Task data:
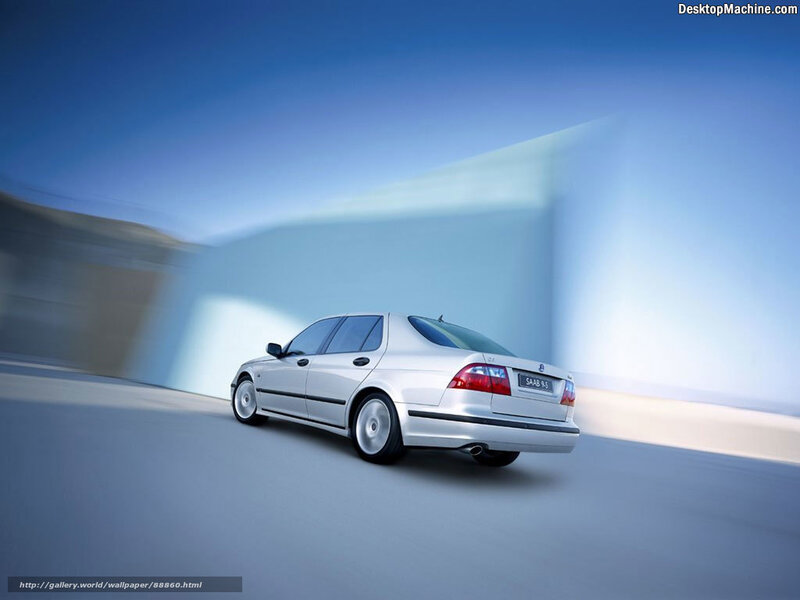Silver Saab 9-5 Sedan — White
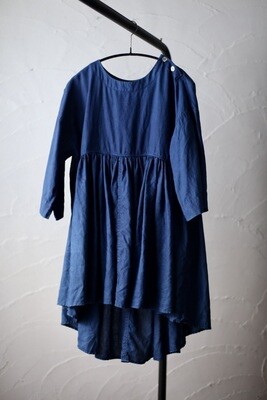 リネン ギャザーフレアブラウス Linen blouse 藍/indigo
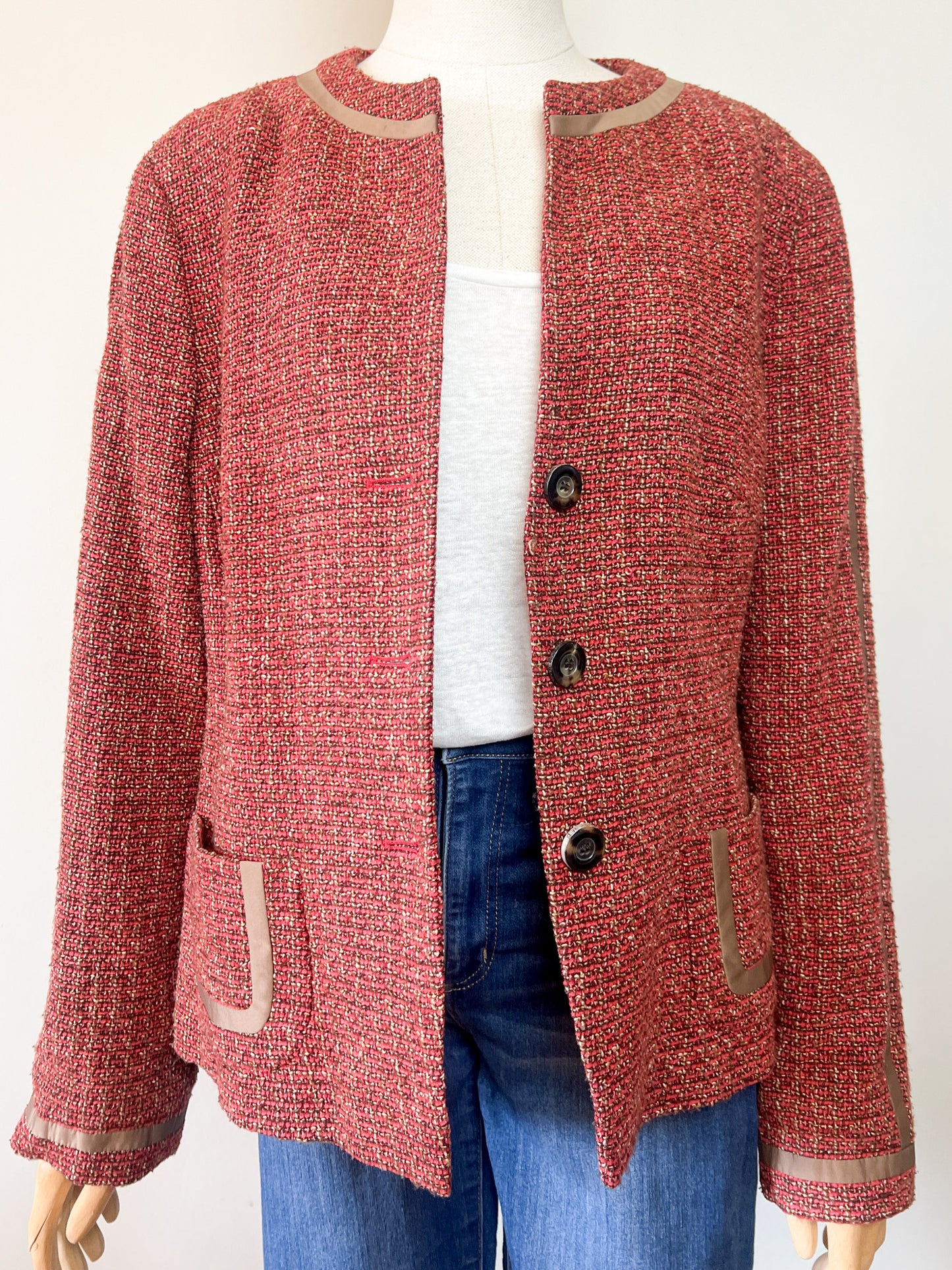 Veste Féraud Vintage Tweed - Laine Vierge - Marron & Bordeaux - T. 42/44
...
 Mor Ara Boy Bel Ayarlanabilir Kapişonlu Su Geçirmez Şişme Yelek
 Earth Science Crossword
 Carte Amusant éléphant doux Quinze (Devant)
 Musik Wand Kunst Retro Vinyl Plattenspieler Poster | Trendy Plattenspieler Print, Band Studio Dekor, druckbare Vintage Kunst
--
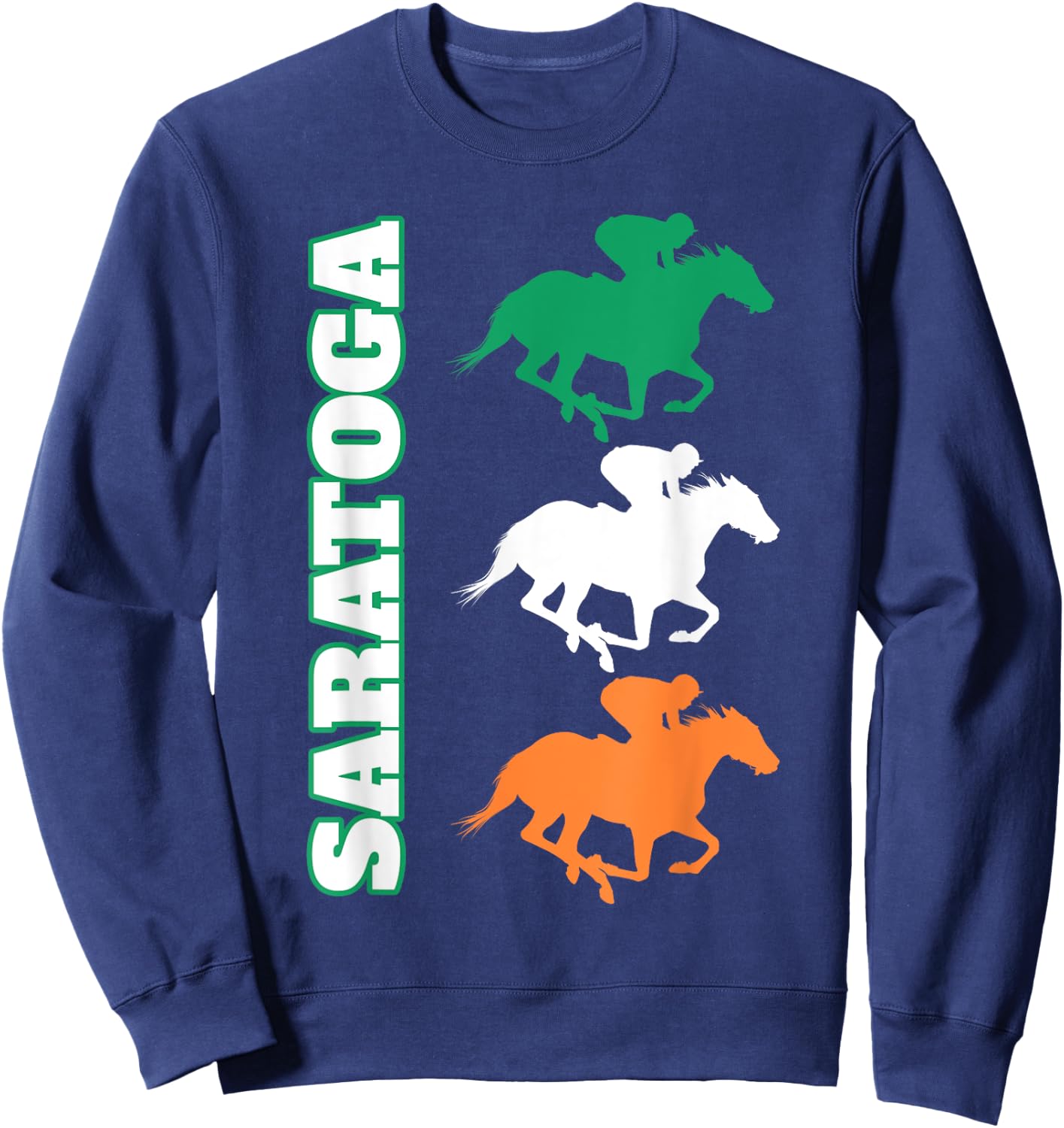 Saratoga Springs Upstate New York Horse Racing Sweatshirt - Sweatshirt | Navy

What needs to be done: Please print the lines above word for word, starting at the one with "Silver Saab 9-5 Sedan — White" and ending at the one with "Veste Féraud Vintage", both included, and without any picture.

Written response:
Silver Saab 9-5 Sedan — White
 リネン ギャザーフレアブラウス Linen blouse 藍/indigo
 Veste Féraud Vintage Tweed - Laine Vierge - Marron & Bordeaux - T. 42/44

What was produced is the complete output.